Ministers provide £350k for tech to close drink-drive loophole by 2020

 

Ministers have promised ‘swifter justice’ for drink-drivers through new roadside breathalyser equipment but the technology remains unproven and will not be introduced for at least two years.

The Government is funding a competition to develop mobile evidential breath tests, which can be used in court and remove the need to take drivers to a police station to obtain an evidential sample.

”Local

Up to £350,000 will be available to encourage manufacturers to invest in devices that meet Home Office type approval requirements.

The move aims to prevent a situation where drivers who are marginally over the limit have extra time to pass a test at the station, as well as freeing up police time.

Roads minister Jesse Norman said: ‘The drink drive limit has helped to give us one of the safest road networks in the world but there is always more we can do.

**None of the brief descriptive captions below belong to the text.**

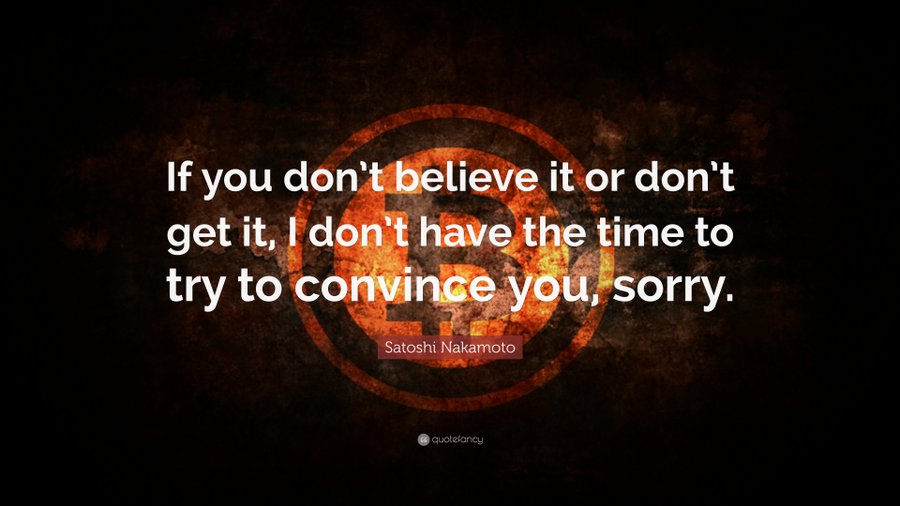 A motivational quote graphic with a Bitcoin logo on a fiery orange background, reading 'If you don't believe it or don't get it, I don't have the time to try to convince you, sorry.' attributed to Satoshi Nakamoto, with 'quotefancy' at the bottom.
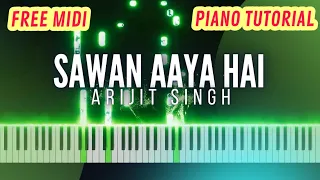 Sawan Aaya Hai Piano Tutorial - Arijit Singh | Instrumental | Ringtone | Karaoke | Cover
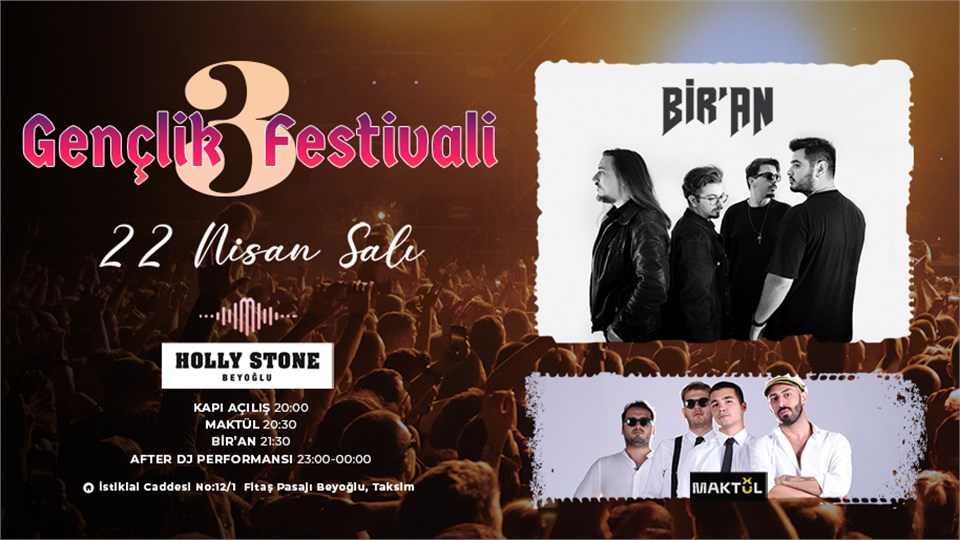 Bir'AN & Maktül (Gençlik Festivali 3)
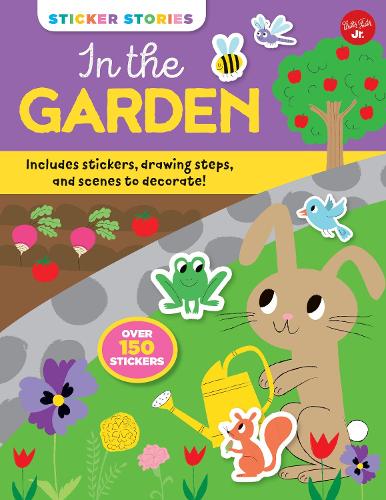 Sticker Stories: In the Garden: Includes stickers, drawing steps, and scenes to decorate! Over 150 Stickers - Sticker Stories (Paperback)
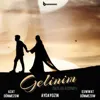 Gelinim (feat. Aydayozin, Kuwwat Dönmezow)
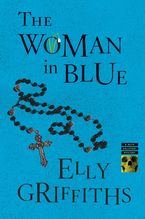 The Woman In Blue Paperback  by Elly Griffiths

‘This new mobile breathalyser technology will enable the police to enforce the alcohol more rigorously limit on those who still choose to drive after drinking, putting others at risk.'

The competition is being run by PACTS (the Parliamentary Advisory Council for Transport Safety) in the summer and will invite companies to submit proposed technologies which will rapidly calculate the amount of ethanol in exhaled breath for use at the roadside.

PACTS executive director David Davies said: ‘PACTS strongly supports efforts to reduce drink driving and the casualties which result. The number of GB deaths involving illegal levels of alcohol has not changed significantly since 2010, while the number of serious injuries rose in 2016 to its highest since 2012.

‘Evidential roadside testing will greatly improve the effectiveness and efficiency of police enforcement, and we hope will lead to substantial reductions in deaths and injuries.’

The Department for Transport said it is expected police forces throughout the UK will be able to use such a device by summer 2020.

PACTS pointed out that, in its 2011 Strategic Framework for Road Safety, the Government committed to obtaining type approval for roadside evidential equipment.

It said the Home Office type approval standard that these devices must meet is the most demanding standard in the world, to ensure a high-level of accuracy and reliability that will stand up to legal challenge and meet the operational needs of the police.

It added that until now manufacturers have not invested sufficiently in devices that meet this standard but that the competition will be designed to incentivise them to do so.

The three-stage competition aims to result in one or more type approved devices that can be operated by police forces throughout the UK by July 2020, with money awarded to one or more manufacturers at each stage.